不同滑移边界下的页岩渗透率修正模型

SHALE PERMEABILITY CORRECTION MODELS UNDER DIFFERENT SLIP BOUNDARY CONDITIONS

页岩中的孔隙直径通常为纳米量级,基于连续流的达西定律已不能描述纳米级孔隙内的气体流动规律,一般采用附加滑移边界条件的Navier--Stokes方程对其进行描述.由此可导出与压力相关的渗透率公式(称为"视渗透率"),并用来修正达西定律.因而,渗透率修正方法研究成为页岩气流动研究的热点之一.首先,基于Hagen--Poiseuille流推导出一般形式二阶滑移模型下的速度分布和流量公式,并推导出相应的渗透率修正公式.该渗透率修正公式基本能将现有的滑移速度模型统一表达为对渗透率的修正.基于一般形式的渗透率修正公式,重点研究了Maxwell,Hsia,Beskok与Ng滑移模型速度分布渗透率修正系数、及其对井底压力的影响;提出了基于Ng滑移速度模型的渗透率修正公式.基于页岩实际储层温压系统及孔隙分布,计算了Kn范围及储层条件下页岩气的流动形态,表明页岩气流动存在滑移流、过渡流与分子自由流.而Ng模型能描述Kn<88的滑移流、过渡流、自由分子流的流量规律,因此可以用于描述页岩实际储层中页岩气的流动特征.计算表明,随着Kn的增加,不同滑移模型下的渗透率修正系数差异增大.Maxwell与Hsia模型适用于滑移流与过渡流早期,Beskok与Ng模型可描述自由分子流下的流动规律,但二者在虚拟的孔径均为10 nm页岩中,井底压力的差别开始显现;在虚拟的孔径均为1 nm页岩中,井底压力的差别开始明显.

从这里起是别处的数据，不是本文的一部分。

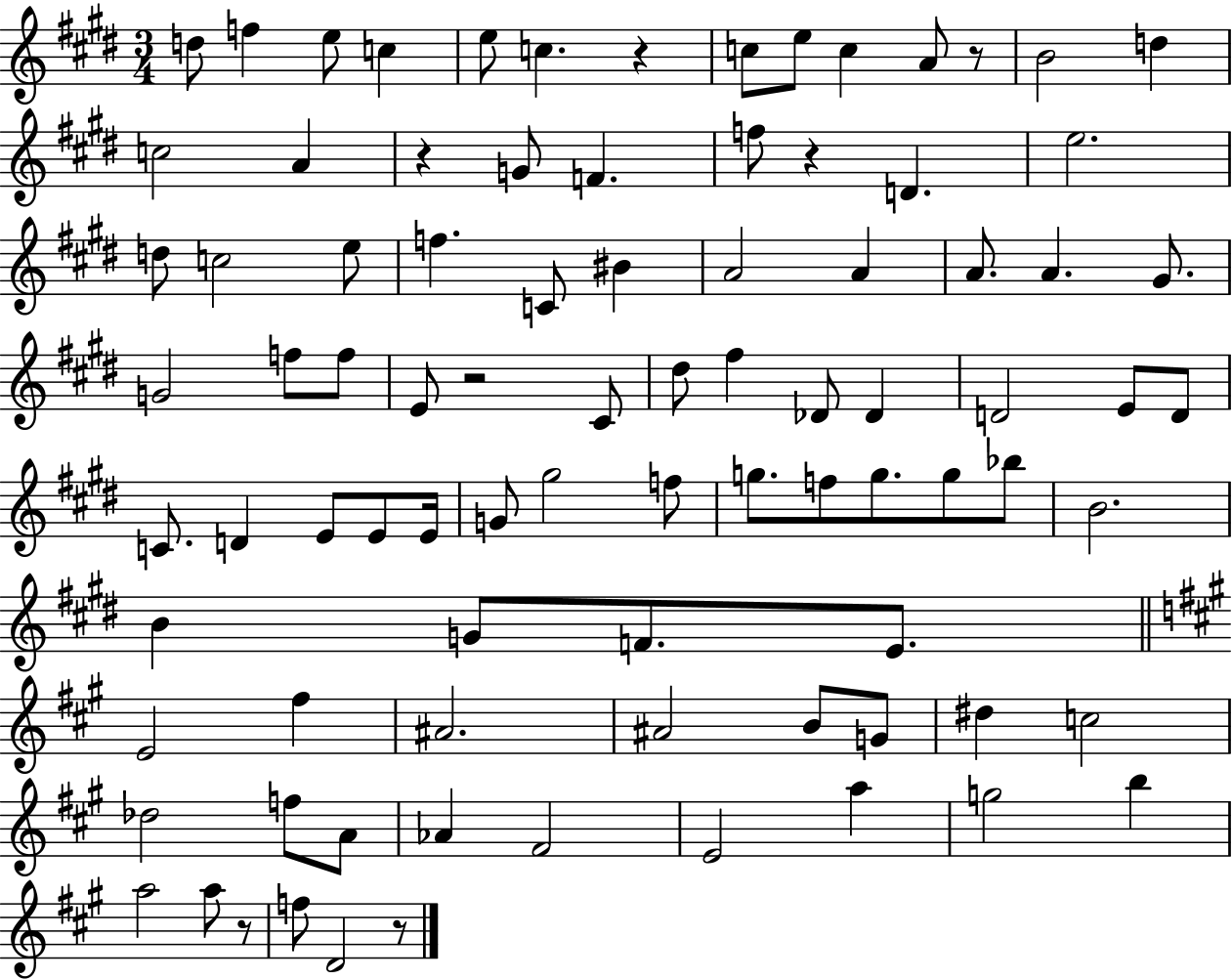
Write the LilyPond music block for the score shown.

The scale of shale pore diameter is usually under the magnitude of nanometers, and the gas transport mechanisms existed in the nano-pores make the traditional methods based on Darcy＇s flow law unsuitable to describe the flow in tight- and shale-gas reservoirs. Navier-Stokes equations with slippery velocity boundary condition are usually used to expand the extent of Darcy＇s law, which make permeability formulas stress-related（called ＂apparent permeability＂）.Therefore, the permeability correction method becomes a hotspot of shale gas research. A general form of permeability correction method is deduced from second-order slip model of equation, and an Ng apparent permeability correlation is proposed based on apparent permeability Ng slip velocity model equations. The Ng formula can describe slip flow,transition flow, and free molecular flow（Kn〈 88）, and is concise and easy to use. According to the actual shale reservoir parameters and pore distribution system, the Kn range is calculated, which indicates that slip flow, transition flow, and free molecular flow exists in the shale gas flow. Based on the general form of permeability correction model, a comparison run is conducted. The results show that differences of permeability correction factor under different slip models increase with the increase of Kn. Beskok model and Ng model can both describe free molecular regime, however, the two models result in different well bottom hole pressure with shale of 10 nm radius, and the difference becomes more apparent with shale of 1nm radius.